DDOS GET attack mitigation?


#1

As far as I understand GET request will be free but this will lead to huge vulnerability to DDOS attack by mirai botnets and alike.
Simple GET request will trigger a flurry of requests between the nodes in order to fetch the data, reward the farmer, etc.
For example the requester will need to spend 40 000 CPU cycles to generate and send the request and the network will spend 400 000 if not even 4 000 000 cycles to serve it.
Probably it may not bring the network down but seems like quite a leverage. Are the designers of the safenetwork OK with that “problem”?


#2

I suggest you search the main forum for DDOS and also caching. This attack has been discussed there along with some of the measures proposed for mitigating it.


#3

Yes this is a community forum https://safenetforum.org/ topic and as @happybeing says there is plenty of information and discussions there.

This forum is designed for developers to discuss APP and core development issues. And the community forum discusses a range of issues, attacks, technical, design ideas/issues. The community forum is a wealth of information, speculation and more.

I hope you understand.


#4

happybeing, rob, thank you for your reply. I totally understand that you are probably fed up with same questions popping again and again but there is very good reason for that - there is simply not enough documentation about safe network which can be used as authoritative reference.
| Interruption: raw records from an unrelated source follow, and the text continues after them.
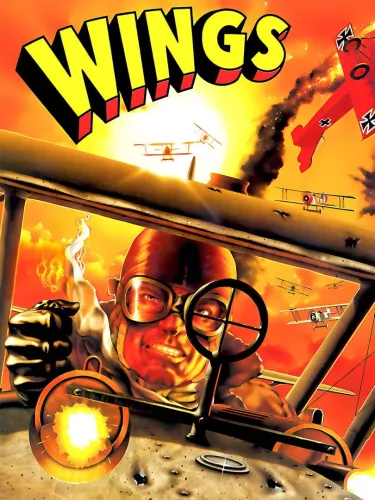 Portada de Wings
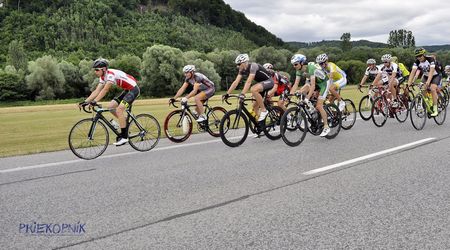 Report&aacute;ž: Tour de Volcano - tradične vysok&yacute; &scaron;tandard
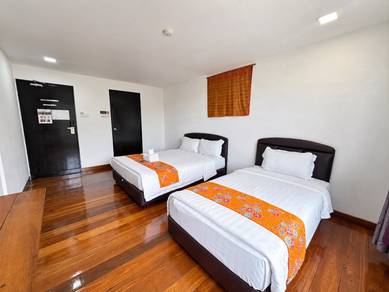 Homestay idaman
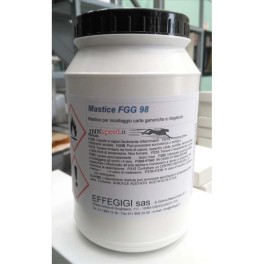 COLLA MASTICE FGG 98 DA2 KG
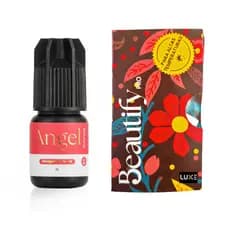 Cola Adesivo Angel Beautify Pro 3g Para Extensão De Cílios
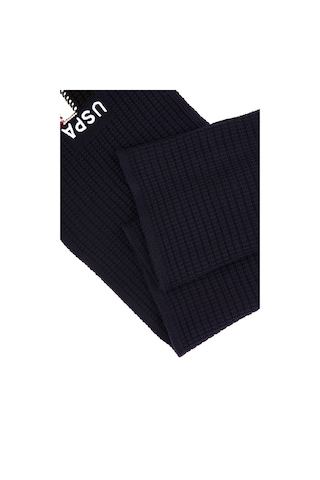 U.s. Polo Assn. Erkek Lacivert Kaşkol 50311816-vr033 Lacıvert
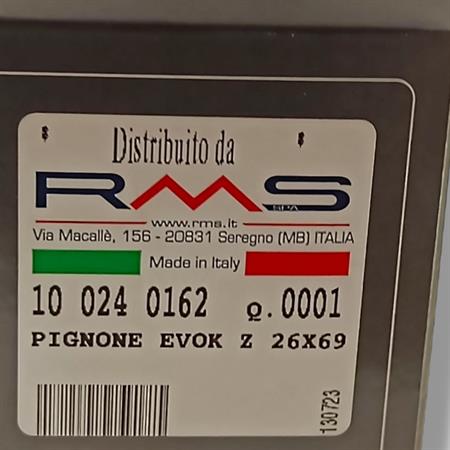 Pignone evok z 26x69, ricambio 100240162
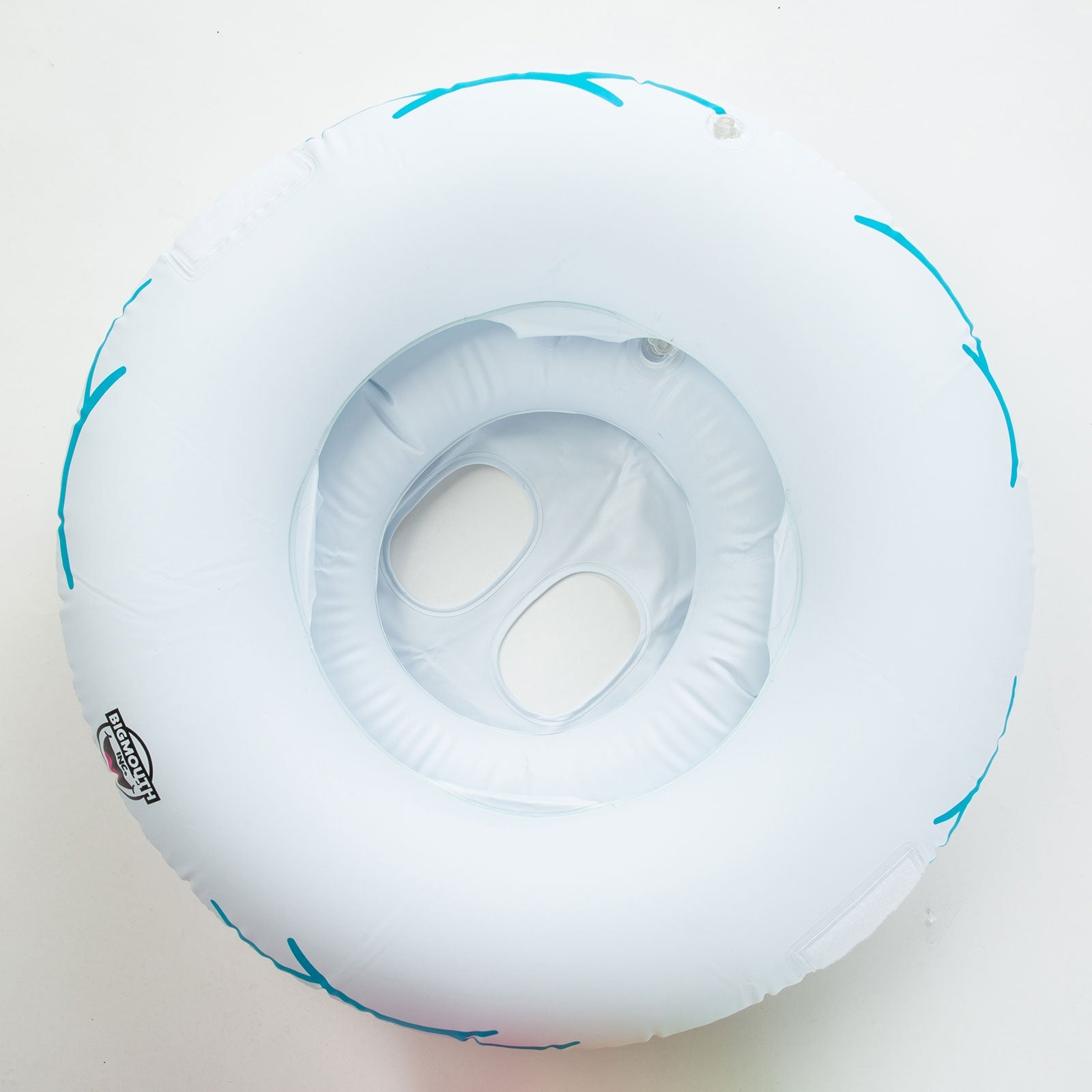 Rainbow Canopy Lil' Float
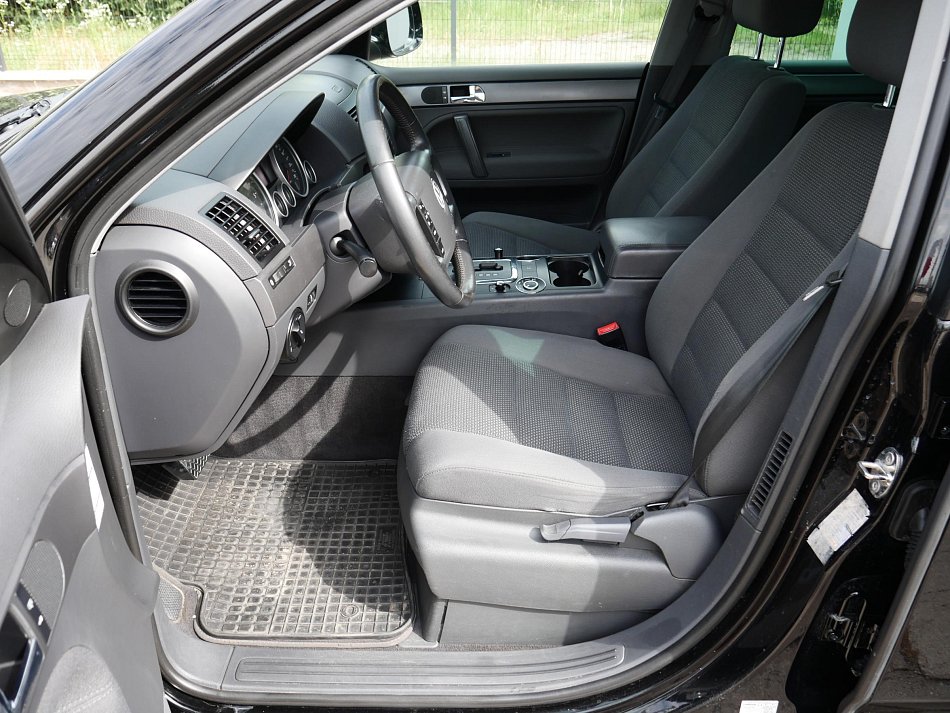 Volkswagen Touareg 2.5 TDi  4x4
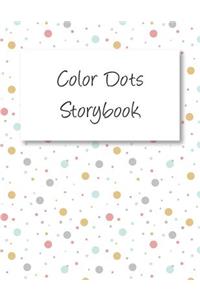 Color Dots Storybook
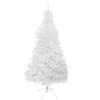 Northlight 9 And 9.5 Feet Tall>9.5' White Full Glimmer Iridescent Spruce Artificial Christmas Tree - Unlit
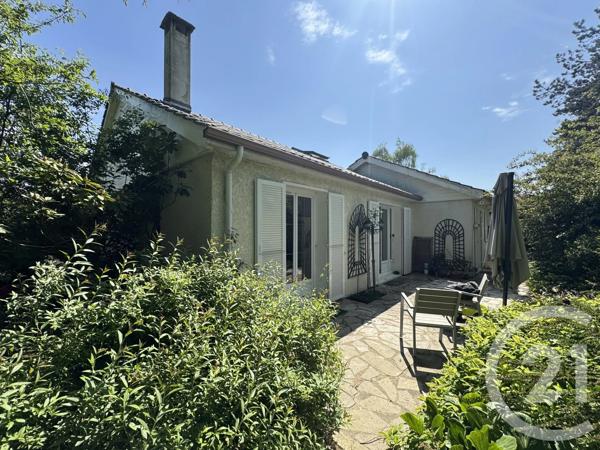 Maison à vendre  5 pièces - 110 m 2   GIF SUR YVETTE  - 91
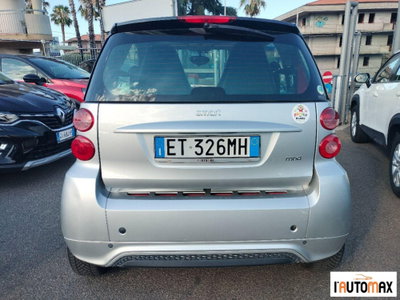 smart Fortwo 1000 52 kW MHD coupé passion (5)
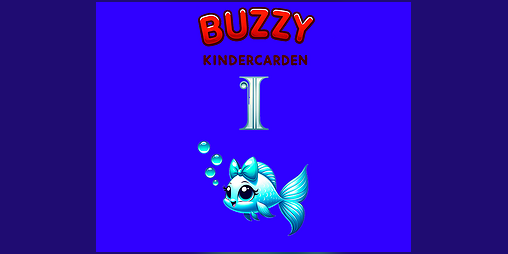 Cover image for buzzy kindergarden 1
It is even worst - there are several places where you can find outdated/conflicting info.
I am trying to develop a Java API for safenetwork I am am very frustrated that there is no documentation (at that lasts more than a year).
Frankly, with such basic question(s) I am trying to establish if this project matured enough in order to invest time and effort in it.


#5

OK, the basic ddos protection is the caching what will be enabled (or already is) that will mean DDOS attacks see the requested chunks cached closer and closer to the attacking machines.

Also relay nodes will only allocate a portion of their own bandwidth to the client machines it is relaying for.
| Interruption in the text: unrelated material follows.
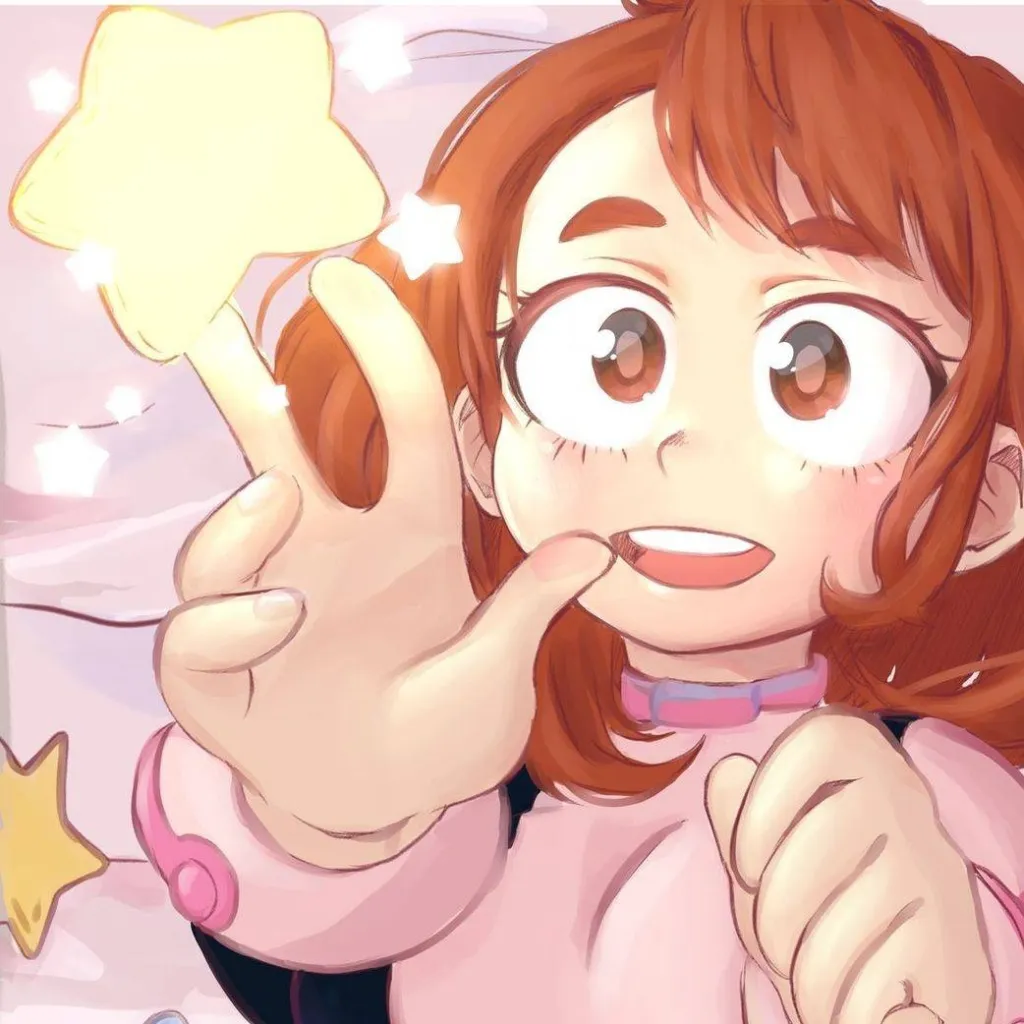 chat with ai character: uraraka~sister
So an attacking node may have a few relay nodes servicing it and each has limits on the bandwidth each is allowing for that machine. Thus if an attacking computer is after just one chunk then only one relay node is in use and the caching will see the first node being contacted caching the requested chunk and the limit on bandwidth also prevents clogging up the relay node of the node supplying the data.

If the attacking node is requesting hundreds/thousands of different chunks then a few (maybe 3) relay nodes are relaying to the first hop nodes and thus the total bandwidth that attacking node is allowed is the sum of the 3 relay nodes limited bandwidth. And since a lot of different chunks than each of those relay nodes connect to maybe 50 first hop nodes because of the routing paths to the chunks thus 150 first hop nodes caching the hundreds/thousands of different chunks being requested. And because the relay nodes are bandwidth limiting the attacking node each of those first hop nodes caching the chunks will not be loaded.

Thus ddos is very much diluted and the attack spread out across the network absorbing the attack. Barely can call it a ddos at that stage. Obviously this has to be tested to get the actual effect, but I think you can see that to pull off a real “multiplying” ddos attack you need a very large number (compared to size of the network) of attacking nodes to really start loading down the network. But also unlike a ddos attack this is only slowing things down rather than denying service to any particular piece of data or site.


#6

Hey @ogrebgr! Glad to see your interest in Java APIs for the SAFE network. There is an ongoing safe_app_java project. We’re just resolving some Android JNI issues and we also have some of the API documentation in place. You could have a look at what’s happening on the project board. :slight_smile:


#7

Hi @lionel.faber,
Thank you for the link to the board. I was looking at the sources last modification dates and got somewhat desperate seeing that last change was 9 months ago…


#8

Ah! You’ll find the recent work at this fork of the project. We’ve done some refactoring and we’re sorting out some of the issues before sending it into the main repo.